1.  Confessions by Saint Augustine,
(Translated by Henry Chadwick, Oxford University Press, 1991, 311 pages)        

Augustine lived in the 4th century AD. He was a spiritual giant in his day with a great body of written works of which Confessions is best known. It was his confession of his love for God and about his life before and after his conversion. Augustine is both analytical and passionate. This combination makes his writing deep and personal. It reveals the workings of the heart, the struggle of the soul, and the striving of the soul after God through the experience of one man.

2.  Celebration of Discipline by Richard Foster
(HarperCollins, 1988, Hodder and Stoughton, Revised edition 1989,)
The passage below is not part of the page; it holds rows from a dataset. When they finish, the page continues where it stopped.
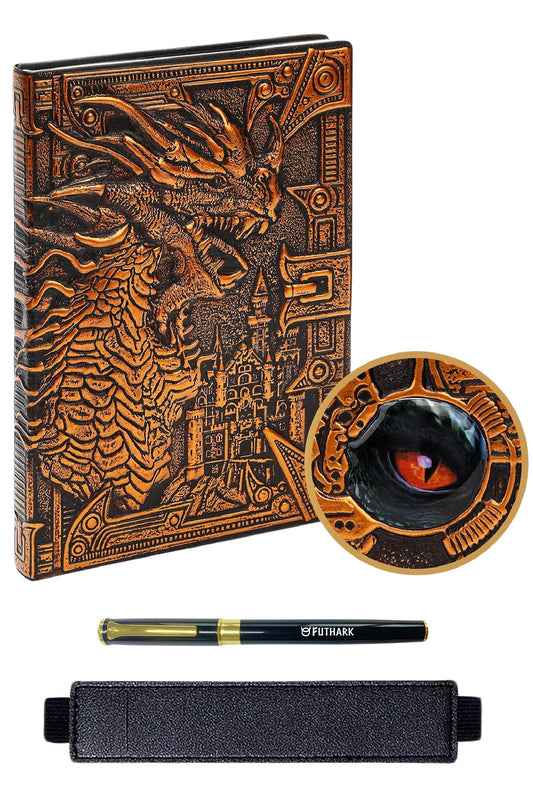 DND Notebook Journal – 200 Pages with 3D Bronze Dragon, Pen & Pen Holder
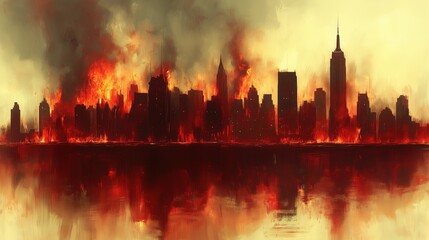 Obraz premium Urban skyline engulfed in flames with dramatic smoke in apocalyptic scene at dusk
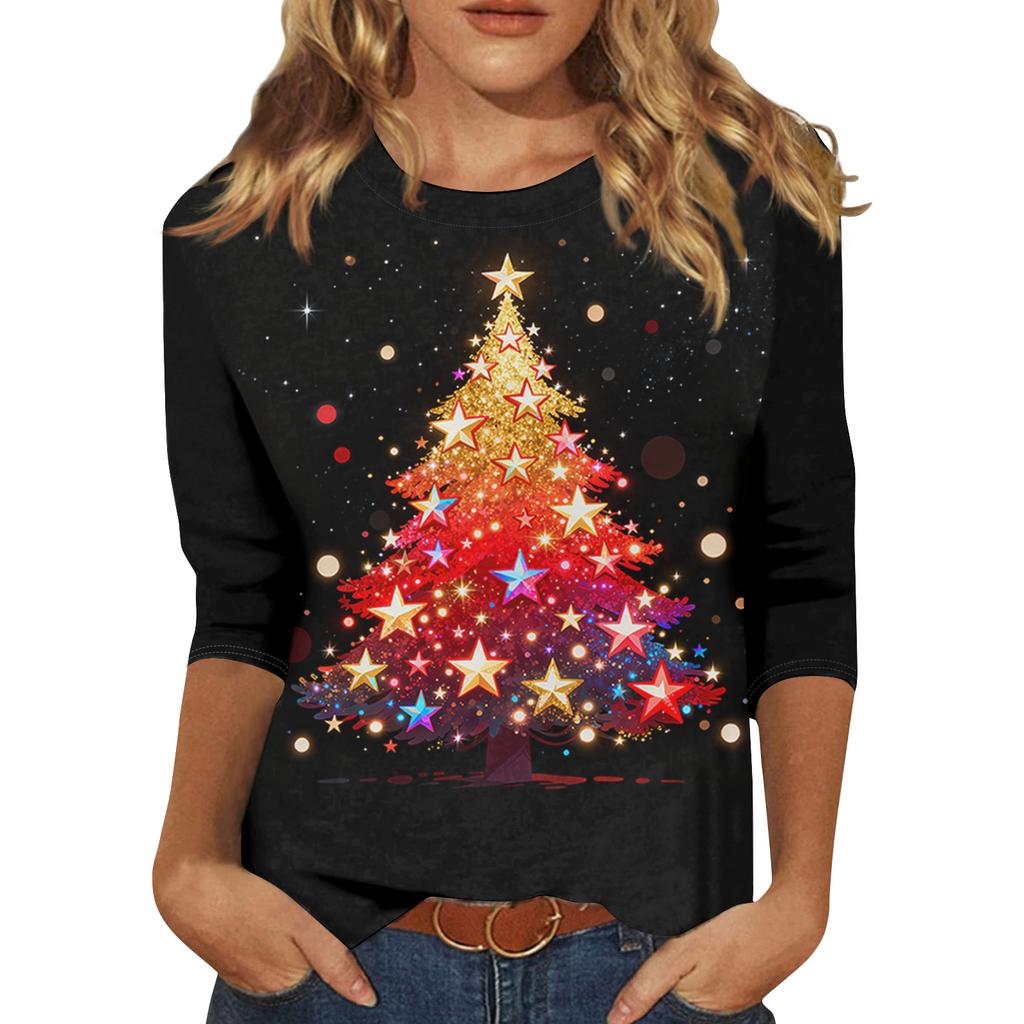 Women's Loose Comfortable Casual Fashion V-Neck Christmas Print Long Sleeve Hoodie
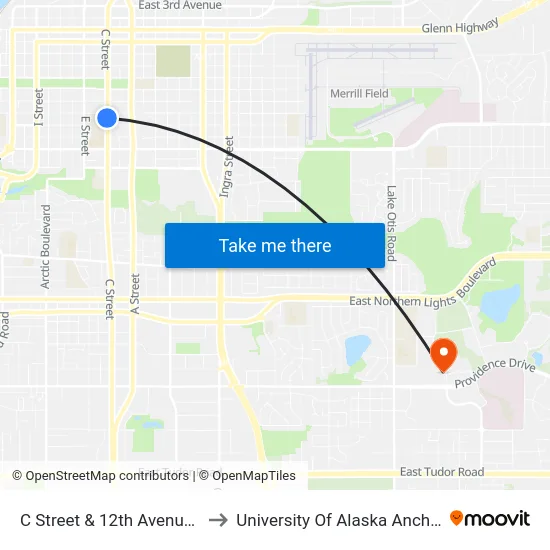 C Street & 12th Avenue Ssw to University Of Alaska Anchorage map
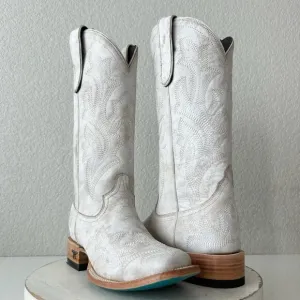 Lane Saratoga Womens Square Toe Cowboy Boots 8.5 White Leather Western Cowgirl
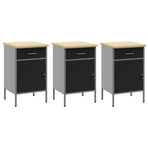 Work Cabinet with Drawer 8 pcs Black Engineered wood and steel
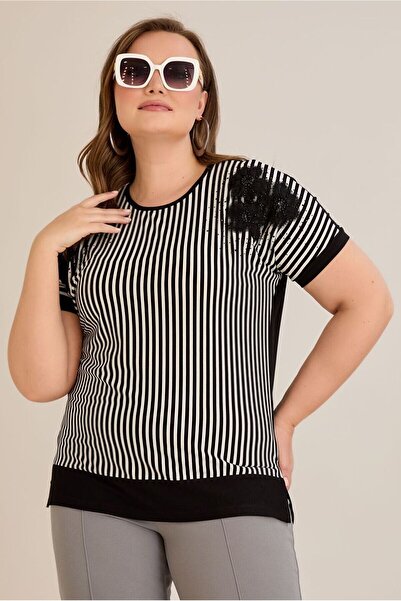 FOR ESRA BIG TREND Γυναικεία ριγέ τούλι ώμου με απλικέ κοντό μανίκι με σχίσιμο στο πλάι ελαστική μπλούζα βισκόζης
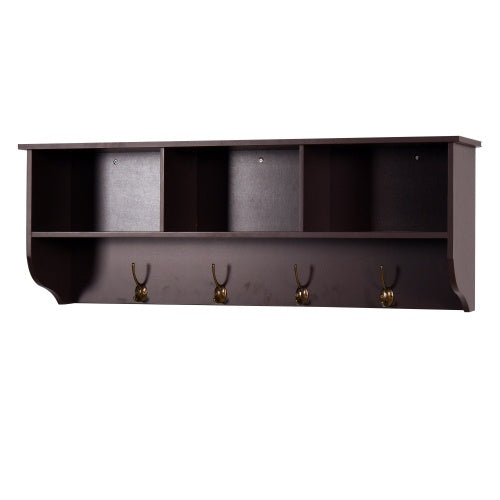 Wall-Mounted Coat Rack with Shelf and 4 Dual Hooks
This is a devotional classic. Richard Foster wrote it in 1978. Since then, it has gone through many different editions and publishers.  It is a book that explains the various spiritual disciplines (or habits) that Christians can cultivate. He introduced twelve spiritual disciplines under three main sections of Inward Disciplines, Outward Disciplines and Corporate Disciplines. These are the classical spiritual disciplines. Foster also draws much from the various Christian spiritual tradition and is at pains to mention that these are not laws, or skills that can be mastered, but habits and dispositions to be formed. For those who seek a closer walk with God and who wants to live a simple and authentic Christian life, this is a good book to get started.

3.  Keeping the Sabbath Wholly ~Ceasing, resting, Embracing, Feasting by Marva Dawn  (Eerdmans, 1989, 217 pages)
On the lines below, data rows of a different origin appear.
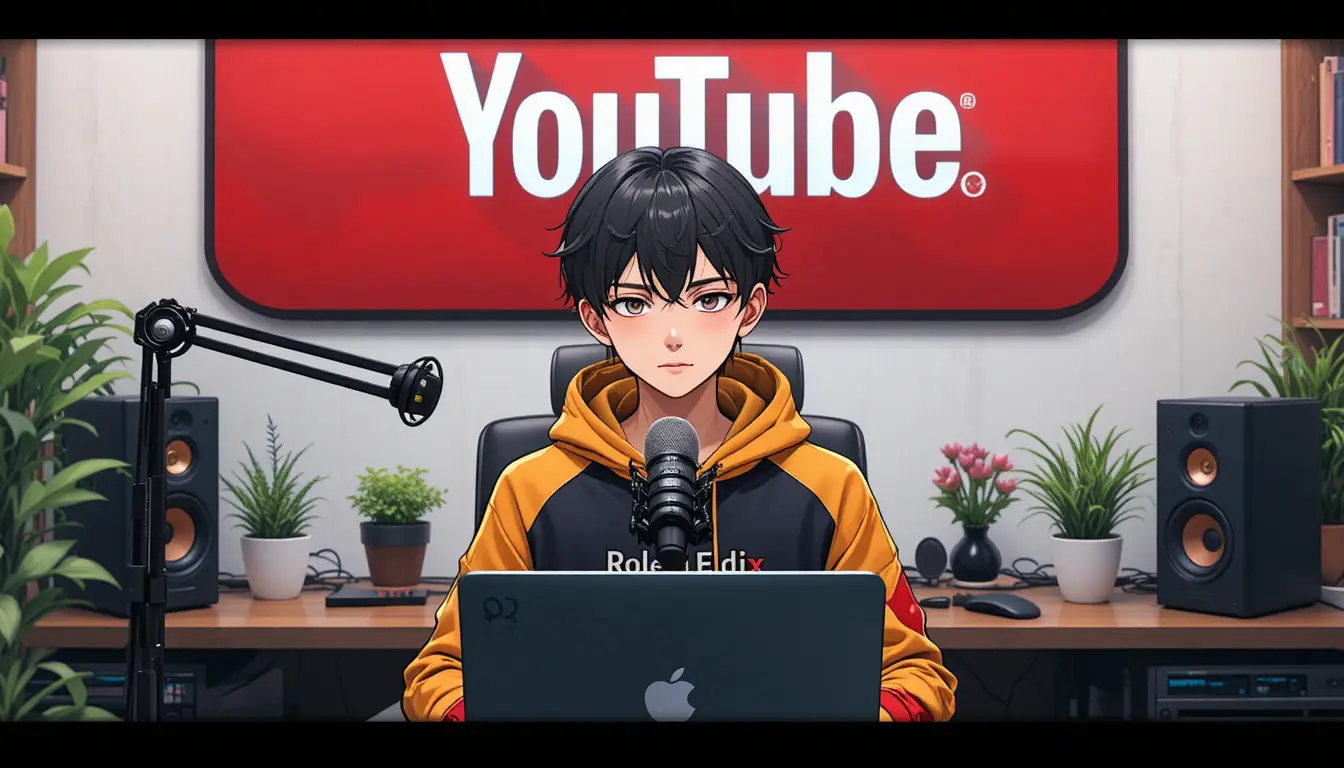 Anime-Junge streamt am Computertisch mit Mikrofon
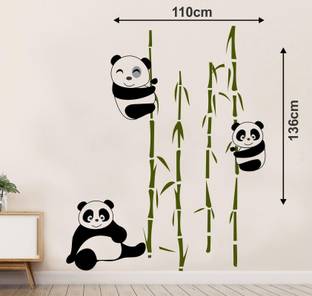 GLOBAL GRAPHICS 110 cm Panda Wall Sticker Panda playing with bamboo wall decal sticker (pvc vnyl,multicolor,size110x136cm) Self Adhesive Sticker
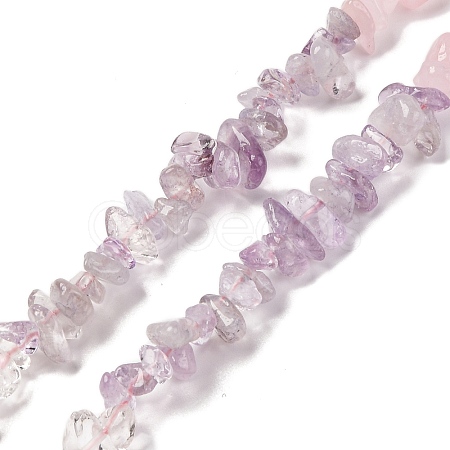 Natural Quartz Crystal & Rose Quartz & Amethyst Beads Strands G-L610-A08-A01-1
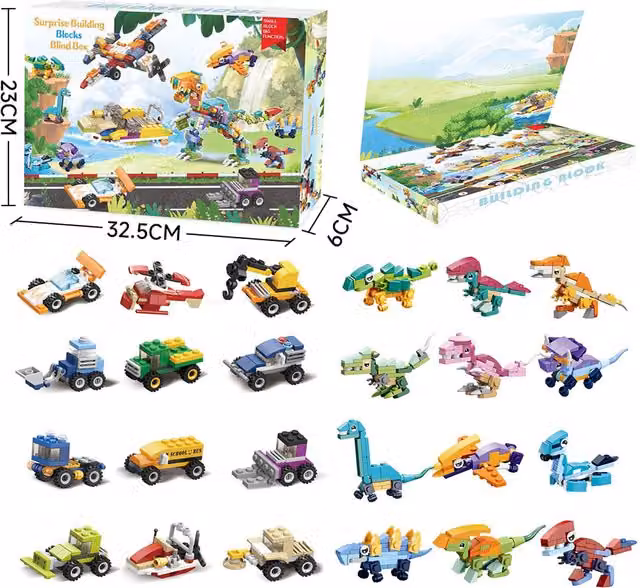 Livingandhome Creative Dinosaur and Vehicle Building Block Set, Multicolour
We must return to the question of how we in our busy lives can afford to spend a whole day in Sabbath ceasing, resting, embracing, and feasting when it seems we don’t have enough time to do what has to be done. Surrounded as we are by the rapid pace of too much change, we think we cannot set aside such time. However, when we take the day to assess our use of time, we learn what is important in all those changes and how to prioritize our tasks and desires so that we aren’t overcome by the tyranny of the urgent. We must develop an objective perspective (rather than thinking we are “out of time”) to assess the quality of our days….one of the foremost (perspective) is the deliberate decision to focus on events in time with persons rather than using time to acquire or accomplish things. (Marva Dawn, Keeping the Sabbath Wholly,  p.119)

4.  The Transforming Friendship – A Guide To Prayer by James M Houston,
(Lions Publishing, 1989 / Re-titled “The Transforming Power of Prayer, NavPress, 1998)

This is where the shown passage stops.